Adrian DeGroot, a retired Vale employee, who also served for many years on city council, and Volker Beckmann, owner of Design North, a graphic arts and brand identity consulting firm, as well as volunteer co-ordinator with Spirit Way Inc., showed up, as did Mark Matiasek, general manager of Thompson Unlimited.

But as we noted May 25 in this same space, “Sometimes – a lot of the time, in fact – you can infer as much or more from what is not said and who is not at the table, at least initially, as from what is said and who is at the table.”

The elephant in the room, of course, was the non-presence and non-participation in the Thompson Economic Diversification Working Group of United Steelworkers Local 6166 and President Murray Nychyporuk, and the Province of Manitoba, in particular Thompson NDP MLA and Infrastructure and Transportation Minister Steve Ashton, as well as the federal government. All have all been invited to participate in TEDWG, and all, for their own reasons, have been no-shows to date.

That’s a huge elephant in the room. Nychyporuk and USW Local 6166 will do their talking at the bargaining table this summer. The province’s response to TEDWG was to introduce the Thompson Nickel Belt Sustainability Act June 2, which became law June 16.

Michelle Drylie, an urban planner with Toronto-based consultants rePlan, who have been hired by Vale to work with TEDWG in finding a way forward in developing perhaps five to seven options to broaden and diversify the economic base in Thompson and surrounding region, facilitated the session.
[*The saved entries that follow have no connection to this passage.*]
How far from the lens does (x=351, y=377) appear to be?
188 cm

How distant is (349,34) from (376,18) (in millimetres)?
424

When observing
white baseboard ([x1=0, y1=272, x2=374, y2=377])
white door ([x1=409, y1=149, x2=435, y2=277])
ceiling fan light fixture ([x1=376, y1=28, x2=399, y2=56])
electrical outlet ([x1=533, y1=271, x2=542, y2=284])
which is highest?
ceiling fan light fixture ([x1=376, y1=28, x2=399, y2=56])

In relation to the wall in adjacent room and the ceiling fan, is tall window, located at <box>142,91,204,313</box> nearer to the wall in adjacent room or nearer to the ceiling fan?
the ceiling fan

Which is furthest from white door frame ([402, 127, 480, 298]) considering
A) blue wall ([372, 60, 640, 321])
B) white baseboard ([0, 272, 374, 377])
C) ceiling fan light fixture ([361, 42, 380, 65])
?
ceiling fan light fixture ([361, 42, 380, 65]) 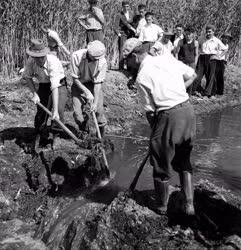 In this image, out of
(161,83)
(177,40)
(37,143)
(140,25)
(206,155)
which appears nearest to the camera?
(161,83)

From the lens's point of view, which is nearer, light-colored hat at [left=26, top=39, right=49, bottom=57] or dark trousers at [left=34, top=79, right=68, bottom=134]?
light-colored hat at [left=26, top=39, right=49, bottom=57]

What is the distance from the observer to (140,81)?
477cm

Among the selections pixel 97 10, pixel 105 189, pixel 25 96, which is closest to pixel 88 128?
pixel 105 189

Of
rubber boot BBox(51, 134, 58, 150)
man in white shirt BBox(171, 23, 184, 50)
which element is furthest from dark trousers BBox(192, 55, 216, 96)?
rubber boot BBox(51, 134, 58, 150)

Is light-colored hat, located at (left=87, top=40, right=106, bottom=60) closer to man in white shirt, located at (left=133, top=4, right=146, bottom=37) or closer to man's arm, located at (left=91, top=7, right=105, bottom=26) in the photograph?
man's arm, located at (left=91, top=7, right=105, bottom=26)

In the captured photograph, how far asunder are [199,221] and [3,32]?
7.36 m

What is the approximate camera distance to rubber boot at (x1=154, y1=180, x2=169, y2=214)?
16.6ft

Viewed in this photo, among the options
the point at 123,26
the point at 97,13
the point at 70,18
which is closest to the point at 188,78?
the point at 97,13

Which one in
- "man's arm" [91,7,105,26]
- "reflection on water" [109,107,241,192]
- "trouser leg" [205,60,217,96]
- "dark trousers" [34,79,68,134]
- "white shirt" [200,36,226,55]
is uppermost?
"man's arm" [91,7,105,26]

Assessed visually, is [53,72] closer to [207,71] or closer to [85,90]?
[85,90]

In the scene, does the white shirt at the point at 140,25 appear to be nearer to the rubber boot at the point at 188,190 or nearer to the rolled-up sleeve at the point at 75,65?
the rolled-up sleeve at the point at 75,65

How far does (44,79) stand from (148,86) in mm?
2525

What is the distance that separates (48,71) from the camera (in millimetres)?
6625

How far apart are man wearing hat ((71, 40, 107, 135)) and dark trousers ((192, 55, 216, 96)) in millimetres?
5874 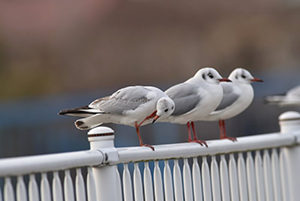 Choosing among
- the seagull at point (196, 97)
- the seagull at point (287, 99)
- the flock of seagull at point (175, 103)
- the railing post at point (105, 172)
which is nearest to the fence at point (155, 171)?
the railing post at point (105, 172)

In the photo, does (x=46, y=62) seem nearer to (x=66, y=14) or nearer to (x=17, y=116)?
(x=66, y=14)

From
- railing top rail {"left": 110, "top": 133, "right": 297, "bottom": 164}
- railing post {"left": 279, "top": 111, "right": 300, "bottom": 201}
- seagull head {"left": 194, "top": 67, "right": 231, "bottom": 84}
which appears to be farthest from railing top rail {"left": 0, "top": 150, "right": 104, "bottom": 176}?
railing post {"left": 279, "top": 111, "right": 300, "bottom": 201}

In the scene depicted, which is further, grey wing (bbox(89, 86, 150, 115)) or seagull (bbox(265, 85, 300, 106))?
seagull (bbox(265, 85, 300, 106))

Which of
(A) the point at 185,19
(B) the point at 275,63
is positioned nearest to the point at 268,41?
(B) the point at 275,63

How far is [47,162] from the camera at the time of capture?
1.97 metres

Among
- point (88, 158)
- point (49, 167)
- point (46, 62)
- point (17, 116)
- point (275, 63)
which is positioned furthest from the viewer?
point (46, 62)

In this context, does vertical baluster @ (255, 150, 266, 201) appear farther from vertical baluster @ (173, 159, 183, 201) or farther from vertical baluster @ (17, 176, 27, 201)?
vertical baluster @ (17, 176, 27, 201)

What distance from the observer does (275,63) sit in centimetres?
1559

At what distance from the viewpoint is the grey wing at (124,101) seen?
260 centimetres

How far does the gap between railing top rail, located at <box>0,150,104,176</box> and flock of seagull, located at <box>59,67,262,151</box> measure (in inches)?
14.5

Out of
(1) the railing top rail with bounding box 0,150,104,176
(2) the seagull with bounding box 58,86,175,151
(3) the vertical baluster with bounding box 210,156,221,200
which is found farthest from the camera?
(3) the vertical baluster with bounding box 210,156,221,200

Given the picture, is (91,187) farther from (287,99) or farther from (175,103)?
(287,99)

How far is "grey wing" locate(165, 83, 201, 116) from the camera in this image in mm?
2877

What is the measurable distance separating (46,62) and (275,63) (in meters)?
7.55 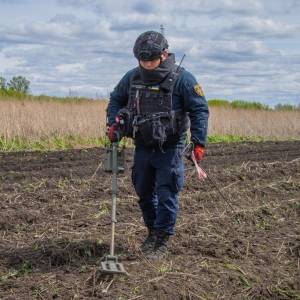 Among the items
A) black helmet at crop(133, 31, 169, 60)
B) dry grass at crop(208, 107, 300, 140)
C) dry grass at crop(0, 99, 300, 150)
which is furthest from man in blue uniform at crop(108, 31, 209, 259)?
dry grass at crop(208, 107, 300, 140)

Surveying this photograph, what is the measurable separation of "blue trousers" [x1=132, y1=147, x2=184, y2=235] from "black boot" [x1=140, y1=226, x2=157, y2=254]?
0.15 meters

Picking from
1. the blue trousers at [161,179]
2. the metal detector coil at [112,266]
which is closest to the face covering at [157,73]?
Result: the blue trousers at [161,179]

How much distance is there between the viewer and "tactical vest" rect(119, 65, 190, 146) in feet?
16.9

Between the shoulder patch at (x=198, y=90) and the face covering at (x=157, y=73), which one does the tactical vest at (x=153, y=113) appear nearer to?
the face covering at (x=157, y=73)

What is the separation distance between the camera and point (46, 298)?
4.41 meters

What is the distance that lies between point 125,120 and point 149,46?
719 mm

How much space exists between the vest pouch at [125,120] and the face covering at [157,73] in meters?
0.31

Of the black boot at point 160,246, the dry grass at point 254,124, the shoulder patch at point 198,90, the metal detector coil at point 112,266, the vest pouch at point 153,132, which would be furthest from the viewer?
the dry grass at point 254,124

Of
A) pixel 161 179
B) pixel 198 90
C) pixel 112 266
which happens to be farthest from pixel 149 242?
pixel 198 90

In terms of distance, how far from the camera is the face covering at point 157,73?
5180 mm

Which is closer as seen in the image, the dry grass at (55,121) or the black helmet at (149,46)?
the black helmet at (149,46)

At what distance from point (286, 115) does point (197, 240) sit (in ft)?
61.6

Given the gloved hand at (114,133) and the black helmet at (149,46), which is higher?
the black helmet at (149,46)

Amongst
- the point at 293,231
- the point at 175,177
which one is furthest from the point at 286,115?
the point at 175,177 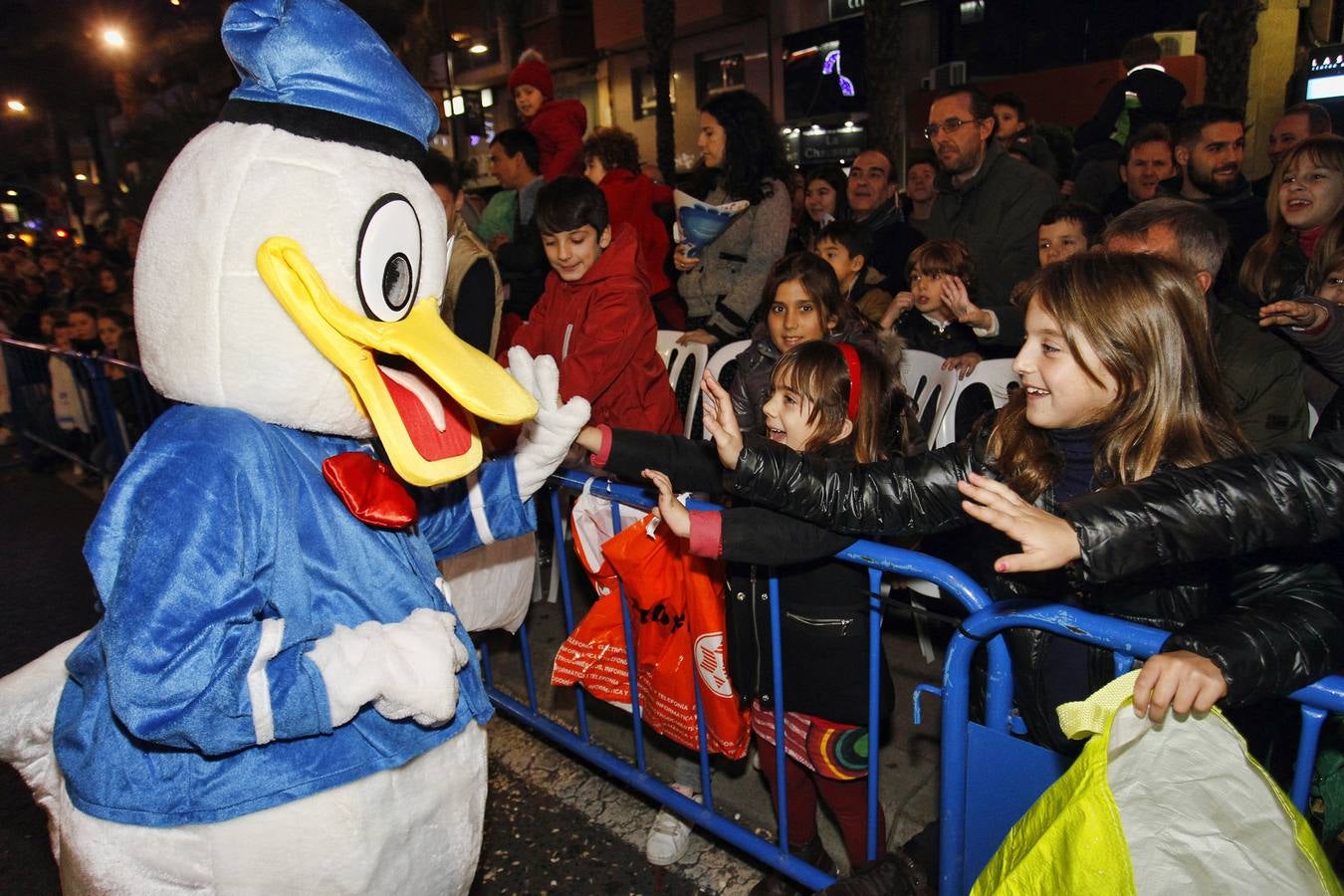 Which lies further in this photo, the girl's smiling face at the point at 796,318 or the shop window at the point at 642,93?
the shop window at the point at 642,93

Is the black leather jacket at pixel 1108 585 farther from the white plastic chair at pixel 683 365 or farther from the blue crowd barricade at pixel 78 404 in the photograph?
the blue crowd barricade at pixel 78 404

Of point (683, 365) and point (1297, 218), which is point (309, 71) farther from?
point (1297, 218)

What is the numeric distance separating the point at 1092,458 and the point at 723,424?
33.0 inches

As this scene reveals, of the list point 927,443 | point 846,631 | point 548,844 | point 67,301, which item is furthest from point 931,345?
point 67,301

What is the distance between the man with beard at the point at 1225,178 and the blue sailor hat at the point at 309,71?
390cm

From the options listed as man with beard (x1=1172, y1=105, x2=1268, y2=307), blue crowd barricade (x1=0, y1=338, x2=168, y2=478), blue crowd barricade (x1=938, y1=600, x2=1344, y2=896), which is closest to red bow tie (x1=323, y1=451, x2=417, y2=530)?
blue crowd barricade (x1=938, y1=600, x2=1344, y2=896)

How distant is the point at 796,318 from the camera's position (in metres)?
3.51

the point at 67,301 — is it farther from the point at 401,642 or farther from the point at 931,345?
the point at 401,642

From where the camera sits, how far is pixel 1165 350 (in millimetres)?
1874

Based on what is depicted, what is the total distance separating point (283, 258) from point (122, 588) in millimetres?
600

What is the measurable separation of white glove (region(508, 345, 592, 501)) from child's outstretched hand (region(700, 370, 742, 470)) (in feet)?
1.03

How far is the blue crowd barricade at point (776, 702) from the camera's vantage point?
69.6 inches

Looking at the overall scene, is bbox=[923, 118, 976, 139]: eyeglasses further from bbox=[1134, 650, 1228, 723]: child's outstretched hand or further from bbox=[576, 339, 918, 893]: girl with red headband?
bbox=[1134, 650, 1228, 723]: child's outstretched hand

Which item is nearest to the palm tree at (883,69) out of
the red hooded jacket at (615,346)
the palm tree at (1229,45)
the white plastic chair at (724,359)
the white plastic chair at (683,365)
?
the palm tree at (1229,45)
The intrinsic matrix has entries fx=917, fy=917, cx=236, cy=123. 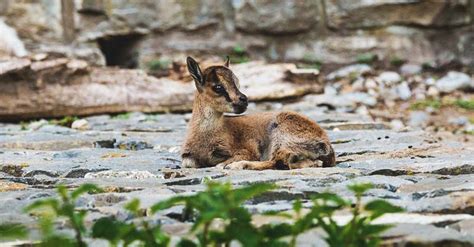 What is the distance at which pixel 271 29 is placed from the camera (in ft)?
36.1

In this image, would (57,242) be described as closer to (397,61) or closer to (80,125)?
(80,125)

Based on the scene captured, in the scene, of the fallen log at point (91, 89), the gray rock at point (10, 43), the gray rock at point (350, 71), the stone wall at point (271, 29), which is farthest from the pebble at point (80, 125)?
the gray rock at point (350, 71)

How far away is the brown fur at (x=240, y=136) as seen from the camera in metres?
5.09

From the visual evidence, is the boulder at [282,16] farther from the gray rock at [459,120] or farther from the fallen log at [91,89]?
the gray rock at [459,120]

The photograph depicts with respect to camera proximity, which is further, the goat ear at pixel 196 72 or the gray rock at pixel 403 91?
the gray rock at pixel 403 91

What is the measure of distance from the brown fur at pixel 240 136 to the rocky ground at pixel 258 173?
16 cm

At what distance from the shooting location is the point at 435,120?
9938 millimetres

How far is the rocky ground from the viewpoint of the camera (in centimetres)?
328

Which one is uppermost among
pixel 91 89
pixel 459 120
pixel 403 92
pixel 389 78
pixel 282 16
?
pixel 282 16

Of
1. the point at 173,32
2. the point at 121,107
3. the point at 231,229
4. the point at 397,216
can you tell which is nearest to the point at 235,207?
the point at 231,229

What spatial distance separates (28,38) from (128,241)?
843 centimetres

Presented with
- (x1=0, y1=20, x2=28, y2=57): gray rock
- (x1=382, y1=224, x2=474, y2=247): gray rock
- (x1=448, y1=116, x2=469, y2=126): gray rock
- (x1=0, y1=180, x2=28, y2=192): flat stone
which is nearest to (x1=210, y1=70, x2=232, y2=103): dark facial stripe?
(x1=0, y1=180, x2=28, y2=192): flat stone

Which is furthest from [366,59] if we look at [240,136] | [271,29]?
[240,136]

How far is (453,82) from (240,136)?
585 centimetres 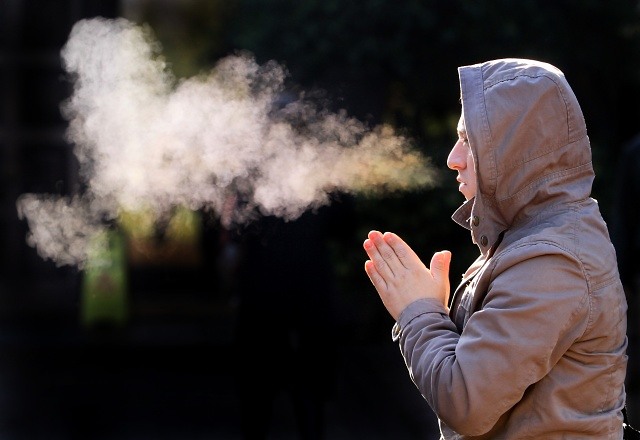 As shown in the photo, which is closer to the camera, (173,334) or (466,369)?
(466,369)

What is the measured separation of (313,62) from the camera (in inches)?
240

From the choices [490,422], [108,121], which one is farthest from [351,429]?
[490,422]

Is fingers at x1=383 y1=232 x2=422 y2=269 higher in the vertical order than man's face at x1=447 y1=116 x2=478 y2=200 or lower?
lower

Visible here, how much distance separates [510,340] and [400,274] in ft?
1.12

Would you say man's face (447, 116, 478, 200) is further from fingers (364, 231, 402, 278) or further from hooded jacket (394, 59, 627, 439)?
fingers (364, 231, 402, 278)

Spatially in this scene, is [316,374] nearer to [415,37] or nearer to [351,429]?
[351,429]

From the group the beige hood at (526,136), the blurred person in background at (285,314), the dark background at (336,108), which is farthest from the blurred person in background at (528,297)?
the blurred person in background at (285,314)

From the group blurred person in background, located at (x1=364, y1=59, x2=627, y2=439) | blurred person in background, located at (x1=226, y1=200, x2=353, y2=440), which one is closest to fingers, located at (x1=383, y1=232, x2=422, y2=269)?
blurred person in background, located at (x1=364, y1=59, x2=627, y2=439)

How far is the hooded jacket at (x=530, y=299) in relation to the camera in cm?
178

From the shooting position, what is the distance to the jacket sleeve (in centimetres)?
177

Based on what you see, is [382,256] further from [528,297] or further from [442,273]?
[528,297]

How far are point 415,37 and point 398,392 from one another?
7.93 feet

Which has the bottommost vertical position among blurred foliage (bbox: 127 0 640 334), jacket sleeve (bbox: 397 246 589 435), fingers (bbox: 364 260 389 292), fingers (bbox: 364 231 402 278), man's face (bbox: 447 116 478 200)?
jacket sleeve (bbox: 397 246 589 435)

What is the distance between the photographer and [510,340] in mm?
1771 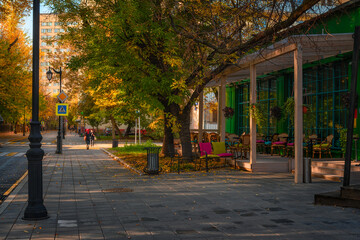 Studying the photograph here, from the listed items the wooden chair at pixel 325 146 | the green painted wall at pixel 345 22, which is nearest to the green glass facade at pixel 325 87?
the green painted wall at pixel 345 22

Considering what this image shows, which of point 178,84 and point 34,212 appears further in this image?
point 178,84

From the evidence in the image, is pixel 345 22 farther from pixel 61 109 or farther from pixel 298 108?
pixel 61 109

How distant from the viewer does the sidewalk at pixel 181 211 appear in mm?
6348

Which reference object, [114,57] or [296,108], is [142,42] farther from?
[296,108]

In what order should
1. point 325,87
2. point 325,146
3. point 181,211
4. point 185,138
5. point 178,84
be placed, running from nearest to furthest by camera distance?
point 181,211 < point 178,84 < point 325,146 < point 185,138 < point 325,87

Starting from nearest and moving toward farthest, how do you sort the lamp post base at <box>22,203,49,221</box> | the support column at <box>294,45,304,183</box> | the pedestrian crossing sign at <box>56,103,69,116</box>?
the lamp post base at <box>22,203,49,221</box> < the support column at <box>294,45,304,183</box> < the pedestrian crossing sign at <box>56,103,69,116</box>

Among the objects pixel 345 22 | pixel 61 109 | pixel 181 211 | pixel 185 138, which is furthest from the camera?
pixel 61 109

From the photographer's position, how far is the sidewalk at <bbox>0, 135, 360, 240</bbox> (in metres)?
6.35

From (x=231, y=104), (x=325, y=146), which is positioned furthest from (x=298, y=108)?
(x=231, y=104)

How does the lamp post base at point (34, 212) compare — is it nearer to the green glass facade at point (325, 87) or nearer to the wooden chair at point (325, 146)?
the green glass facade at point (325, 87)

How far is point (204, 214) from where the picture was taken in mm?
7766

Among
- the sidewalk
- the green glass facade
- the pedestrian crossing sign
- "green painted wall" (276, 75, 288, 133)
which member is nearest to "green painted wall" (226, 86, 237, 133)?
the green glass facade

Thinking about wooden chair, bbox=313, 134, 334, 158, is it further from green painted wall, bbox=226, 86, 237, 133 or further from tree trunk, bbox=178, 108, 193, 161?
green painted wall, bbox=226, 86, 237, 133

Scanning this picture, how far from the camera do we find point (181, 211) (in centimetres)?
805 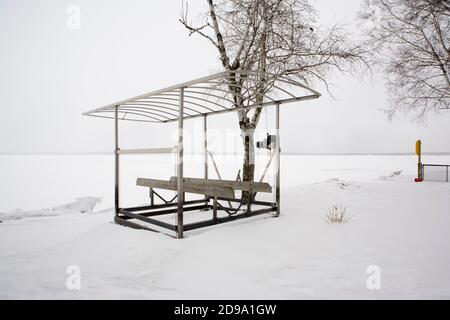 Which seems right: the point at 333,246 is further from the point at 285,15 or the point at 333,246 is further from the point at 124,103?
the point at 285,15

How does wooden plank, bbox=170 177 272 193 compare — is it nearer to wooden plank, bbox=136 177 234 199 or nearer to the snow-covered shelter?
the snow-covered shelter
Drylie talked excitedly about the trade advantages she perceives Thompson has being located geographically right in the centre of Canada at the intersection of the Mid-Canada Development Corridor, which is essentially the boreal forest region of Canada, stretching from Whitehorse in the Yukon and Inuvik in the Northwest Territories, across the Mackenzie Valley and northern Alberta, Saskatchewan, Manitoba, Ontario, Québec and Newfoundland and Labrador, midway between the High Arctic and the heavily populated south, and the long-dreamed of north-south Mid-Continent Trade Corridor, which would connect Mexico City to Winnipeg and perhaps run as far north one day as Thompson and even Baker Lake in Nunavut, via the hub-and- gateway cities of San Antonio, Dallas-Fort Worth, Oklahoma City, Kansas City, Omaha, Fargo and Minneapolis.

Excitement is a good thing. But you can’t take it to the bank unfortunately and plan a future for Thompson that begins in less than four years around it. The Mid-Canada Development Corridor and Mid-Continent Trade Corridor are wonderful – albeit largely unrealized – dreams, something like former Progressive Conservative Prime Minister John Diefenbaker’s planned “Road to Resources” announced on March 26, 1958.

To be fair to Drylie, an award-winning University of Toronto graduate who picked up the Canadian Institute of Planners Award for Academic Excellence, a Centre for Urban and Community Studies Urban Planning Research Award, and the Edie Yolles Award in Urban Planning, this was essentially a blue-sky thinking out loud exercise, and she’s there to consult, facilitate and advise as her job requires. She’s not a political decision maker, so one doesn’t want to make too much of her musings, although rePlan did have maps highlighting the Mid-Canada Development Corridor and Mid-Continent Trade Corridor routes.

The Road to Resources would have stretched from Dawson City in the Yukon to Fort McPherson or Tetlit’Zheh and Inuvik and then with a Mackenzie Valley Highway, even Tuktoyaktuk in the Northwest Territories, back down to Norman Wells and Wrigley to Fort Liard and then east around the Great Slave Lake to Coppermine in Nunavut and finally into Saskatchewan in an attempt to connect Northern mining communities. The road, however, ends suddenly along the Ingraham Trail at Tibbitt Lake, about 120 kilometres northeast of Yellowknife, also known as Somba K’e.

The good news is the Dempster Highway portion, from Dawson City to Inuvik, finally did open in 1979 as Canada’s first all-weather road above the Arctic Circle.

Alas, Thompson doesn’t have 53 or even 21 years to wait. The road ahead, whether actual or metaphorical, must be a real road.